No, you can't just get iOS to perform x86 instructions. At all. Ever. They will not work in a box. They will not work with a fox. They will not work in a house. They will not work with a mouse.

I especially like people saying that an iPad Pro with some frankenstein desktop iOS would be faster than a MacBook. News flash, no it will not. And you should stop talking about this because you don't know what you're talking about.

You can not simply "add desktop" features to an OS. You have to completely rebuild the OS from the ground up because x86 instructions don't stay the same every year. ARM is not CISC, it's reduced instruction set computing for power efficiency. You might think, "Oh that just means it's better because it's more efficient." No, that means it was engineered inferior on purpose because its primary use is efficiency first, performance second.

This is why Geekbench scores are irrelevant comparing the Core M in a MacBook to an iPad Pro. While I am very disappointed in the MacBook's Core M, I won't make the same mistake a lot of you do by thinking that just because it's faster in iOS, it's faster period.

If you were to load a CISC based x86-64 operating system to an iPad, it would run like molasses because it's not built for the thousands of different instruction sets and the inability to perform "load and store" register logic. Basically, instead of storing instructions from memory into the processor registers so the processor can handle the parallel computing by its own sorting methods, an ARM processor attempts to compute "instruction per clock cycle" as it receives them, which creates a huge bottle neck on x86-64 instructions. CISC processors have hardware built logic to handle this type of instruction loading.

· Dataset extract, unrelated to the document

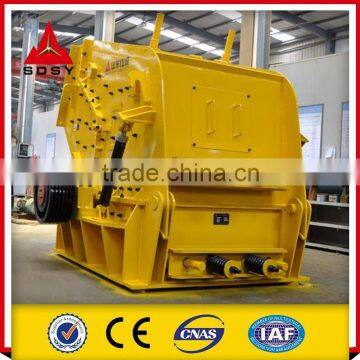 Stone Fine Impact Crusher With Factory Price photo-5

It would take 5-7 years to build iOS to handle those types of loads and it would immediately make any devices prior to the change completely unusable on the same OS. Also, the iPad itself would have to use an x86-64 processor, meaning the ARM that it's been building and researching would have to completely change from ARM instructions to x86-64 CISC.

The question remains: why can you run iOS on a laptop computer but not the other way around? Because RISC is software based and software dependent.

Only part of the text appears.